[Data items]
—————

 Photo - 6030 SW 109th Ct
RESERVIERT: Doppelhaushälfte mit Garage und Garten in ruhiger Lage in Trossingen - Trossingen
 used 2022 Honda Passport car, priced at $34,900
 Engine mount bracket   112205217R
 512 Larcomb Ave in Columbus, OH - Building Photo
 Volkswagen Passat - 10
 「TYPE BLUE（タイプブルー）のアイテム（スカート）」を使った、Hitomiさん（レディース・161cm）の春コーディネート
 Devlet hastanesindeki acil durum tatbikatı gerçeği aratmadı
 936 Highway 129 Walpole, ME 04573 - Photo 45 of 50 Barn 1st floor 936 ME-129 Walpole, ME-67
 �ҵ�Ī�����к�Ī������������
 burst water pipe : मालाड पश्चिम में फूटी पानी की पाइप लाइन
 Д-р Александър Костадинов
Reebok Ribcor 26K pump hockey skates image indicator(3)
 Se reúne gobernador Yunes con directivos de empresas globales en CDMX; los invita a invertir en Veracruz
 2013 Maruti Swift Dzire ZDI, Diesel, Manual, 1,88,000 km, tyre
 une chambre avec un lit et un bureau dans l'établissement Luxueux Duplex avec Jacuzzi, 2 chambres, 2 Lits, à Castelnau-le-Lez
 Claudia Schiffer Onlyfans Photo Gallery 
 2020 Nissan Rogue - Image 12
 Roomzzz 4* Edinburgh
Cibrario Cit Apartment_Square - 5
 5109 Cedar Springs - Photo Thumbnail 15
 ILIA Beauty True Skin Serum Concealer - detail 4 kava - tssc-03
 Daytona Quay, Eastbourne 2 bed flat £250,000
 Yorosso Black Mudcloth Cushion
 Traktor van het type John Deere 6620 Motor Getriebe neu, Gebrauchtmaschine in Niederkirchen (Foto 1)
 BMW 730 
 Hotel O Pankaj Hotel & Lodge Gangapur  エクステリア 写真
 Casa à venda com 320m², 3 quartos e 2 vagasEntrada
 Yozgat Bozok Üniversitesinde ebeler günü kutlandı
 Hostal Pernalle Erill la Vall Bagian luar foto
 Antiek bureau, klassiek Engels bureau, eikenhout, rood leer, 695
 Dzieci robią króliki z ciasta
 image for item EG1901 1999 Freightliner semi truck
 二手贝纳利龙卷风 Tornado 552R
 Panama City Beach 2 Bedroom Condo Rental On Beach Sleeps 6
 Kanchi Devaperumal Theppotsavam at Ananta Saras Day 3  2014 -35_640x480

—————

(Work to be completed) Reproduce every record above, word for word.

(Task answer)
 Photo - 6030 SW 109th Ct
RESERVIERT: Doppelhaushälfte mit Garage und Garten in ruhiger Lage in Trossingen - Trossingen
 used 2022 Honda Passport car, priced at $34,900
 Engine mount bracket   112205217R
 512 Larcomb Ave in Columbus, OH - Building Photo
 Volkswagen Passat - 10
 「TYPE BLUE（タイプブルー）のアイテム（スカート）」を使った、Hitomiさん（レディース・161cm）の春コーディネート
 Devlet hastanesindeki acil durum tatbikatı gerçeği aratmadı
 936 Highway 129 Walpole, ME 04573 - Photo 45 of 50 Barn 1st floor 936 ME-129 Walpole, ME-67
 �ҵ�Ī�����к�Ī������������
 burst water pipe : मालाड पश्चिम में फूटी पानी की पाइप लाइन
 Д-р Александър Костадинов
Reebok Ribcor 26K pump hockey skates image indicator(3)
 Se reúne gobernador Yunes con directivos de empresas globales en CDMX; los invita a invertir en Veracruz
 2013 Maruti Swift Dzire ZDI, Diesel, Manual, 1,88,000 km, tyre
 une chambre avec un lit et un bureau dans l'établissement Luxueux Duplex avec Jacuzzi, 2 chambres, 2 Lits, à Castelnau-le-Lez
 Claudia Schiffer Onlyfans Photo Gallery 
 2020 Nissan Rogue - Image 12
 Roomzzz 4* Edinburgh
Cibrario Cit Apartment_Square - 5
 5109 Cedar Springs - Photo Thumbnail 15
 ILIA Beauty True Skin Serum Concealer - detail 4 kava - tssc-03
 Daytona Quay, Eastbourne 2 bed flat £250,000
 Yorosso Black Mudcloth Cushion
 Traktor van het type John Deere 6620 Motor Getriebe neu, Gebrauchtmaschine in Niederkirchen (Foto 1)
 BMW 730 
 Hotel O Pankaj Hotel & Lodge Gangapur  エクステリア 写真
 Casa à venda com 320m², 3 quartos e 2 vagasEntrada
 Yozgat Bozok Üniversitesinde ebeler günü kutlandı
 Hostal Pernalle Erill la Vall Bagian luar foto
 Antiek bureau, klassiek Engels bureau, eikenhout, rood leer, 695
 Dzieci robią króliki z ciasta
 image for item EG1901 1999 Freightliner semi truck
 二手贝纳利龙卷风 Tornado 552R
 Panama City Beach 2 Bedroom Condo Rental On Beach Sleeps 6
 Kanchi Devaperumal Theppotsavam at Ananta Saras Day 3  2014 -35_640x480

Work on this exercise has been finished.